I have added a new test suite for BOpenHashTable<T> in a branch. I found an additional memory-corruption bug while doing so (update: false alarm, I just got a bit confused. I don't think there is a memory corruption bug here).

BOpenHashTable has an AutoExpand non-type template parameter. If set to false, which is not the default, then upon insertion it will:

  1. Check to see if the current buffer size is > 0. If not, it will resize the buffer to the minimum size, which is 8 elements. If the user calls Init(size_t) before inserting they can set this size to a greater value.
  2. If AutoExpand is true, then the buffer will be resized if more room is needed to handle the insertion. When resized to add more capacity, the size is doubled.
  3. Insert with no bounds check.

So currently if someone uses BOpenHashTable<T, false>, and then inserts more than the fixed number of elements defined (either by the default or call to Init(size_t)), then it will write beyond the bounds of the fTable array, smashing some random memory.

BOpenHashTable<T, false> is used in quite a few places, including the ipv4, ipv6, udp and unix add-ons, IOSchedulerSimple and HashedObjectCache. Even if those aren't broken because of this they easily could be.

Last edited 5 months ago by ambroff (previous) (diff)

comment:11 by ambroff, 5 months ago

Unfortunately fixing this properly may result in a pretty large set of changes.

Insert returns status_t, but most callers don't check the result. That's kinda ok though cause we can just focus our effort in code that disabled AutoExpand, which is only a handful.

There are many code paths which call BOpenHashTable<T>::InsertUnchecked, which currently does not return an error at all, but I think that's broken. The API conflates error checking with resizing here. There could be a failure even if resizing is disabled (i.e., there is no more room in the buffer).

I'm planning to submit a patch series that looks something like:

  1. Add test suite for BOpenHashTable template with two failing tests (auto expand disabled test and duplicate insertion test)
  2. Fix the interface of BOpenHashTable so that Insert and InsertUnchecked will return B_NO_MEMORY if auto expansion is disabled and the fTable buffer is full.
  3. Add error handling for all calls to Insert or InsertUnchecked where auto expansion is disabled.

The remaining part is to address the duplicate entries issue that caused the crash in this bug report.

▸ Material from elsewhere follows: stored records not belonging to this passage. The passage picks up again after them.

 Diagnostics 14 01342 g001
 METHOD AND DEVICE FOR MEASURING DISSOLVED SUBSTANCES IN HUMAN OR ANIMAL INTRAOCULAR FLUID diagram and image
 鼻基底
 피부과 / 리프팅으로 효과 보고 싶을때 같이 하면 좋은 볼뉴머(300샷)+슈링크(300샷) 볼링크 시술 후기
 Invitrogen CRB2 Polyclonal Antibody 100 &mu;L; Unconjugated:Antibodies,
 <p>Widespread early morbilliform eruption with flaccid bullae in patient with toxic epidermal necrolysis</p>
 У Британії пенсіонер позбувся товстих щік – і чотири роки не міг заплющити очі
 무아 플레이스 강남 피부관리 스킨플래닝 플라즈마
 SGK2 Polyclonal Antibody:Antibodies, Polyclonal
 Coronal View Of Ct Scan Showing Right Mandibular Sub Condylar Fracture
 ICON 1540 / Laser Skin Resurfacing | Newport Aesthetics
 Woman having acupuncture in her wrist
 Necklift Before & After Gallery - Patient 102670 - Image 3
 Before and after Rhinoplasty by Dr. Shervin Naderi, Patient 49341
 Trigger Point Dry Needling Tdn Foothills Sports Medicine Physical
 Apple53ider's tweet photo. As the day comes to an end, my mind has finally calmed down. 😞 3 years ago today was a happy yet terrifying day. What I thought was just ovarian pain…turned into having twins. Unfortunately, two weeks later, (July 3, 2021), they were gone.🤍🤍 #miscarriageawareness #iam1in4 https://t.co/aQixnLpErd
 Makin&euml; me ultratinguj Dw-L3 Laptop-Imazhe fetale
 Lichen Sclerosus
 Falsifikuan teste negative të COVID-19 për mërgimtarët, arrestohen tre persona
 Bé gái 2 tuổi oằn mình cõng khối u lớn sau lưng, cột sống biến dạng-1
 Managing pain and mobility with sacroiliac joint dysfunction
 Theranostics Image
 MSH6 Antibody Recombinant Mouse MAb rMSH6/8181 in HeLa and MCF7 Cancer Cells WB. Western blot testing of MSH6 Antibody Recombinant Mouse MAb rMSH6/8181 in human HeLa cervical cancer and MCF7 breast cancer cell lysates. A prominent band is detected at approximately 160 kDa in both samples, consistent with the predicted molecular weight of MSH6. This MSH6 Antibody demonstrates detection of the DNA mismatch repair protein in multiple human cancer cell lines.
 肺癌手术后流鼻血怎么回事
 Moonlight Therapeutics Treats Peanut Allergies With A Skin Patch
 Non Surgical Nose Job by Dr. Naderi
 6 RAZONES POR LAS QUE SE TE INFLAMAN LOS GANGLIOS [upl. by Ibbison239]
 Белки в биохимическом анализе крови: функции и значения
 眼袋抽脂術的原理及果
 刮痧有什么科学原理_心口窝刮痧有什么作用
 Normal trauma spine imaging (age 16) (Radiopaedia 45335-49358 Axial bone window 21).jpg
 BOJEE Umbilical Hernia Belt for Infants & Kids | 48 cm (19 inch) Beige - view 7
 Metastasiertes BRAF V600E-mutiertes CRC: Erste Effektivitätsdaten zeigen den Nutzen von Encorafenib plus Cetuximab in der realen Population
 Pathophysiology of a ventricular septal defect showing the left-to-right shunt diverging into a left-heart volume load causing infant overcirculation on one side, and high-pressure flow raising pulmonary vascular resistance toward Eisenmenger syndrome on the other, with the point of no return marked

The main problem with this API is that it implies that the same item can be inserted multiple times, since the CheckForDuplicates non-type template parameter allows you to specify whether to panic if a duplicate entry is inserted. This is flawed though. While inserting multiple distinct object which could be looked up with the same key is totally possible, inserting the same object multiple times is not because it will create a reference cycle.

  1. Would be changing the duplicate handling logic entirely.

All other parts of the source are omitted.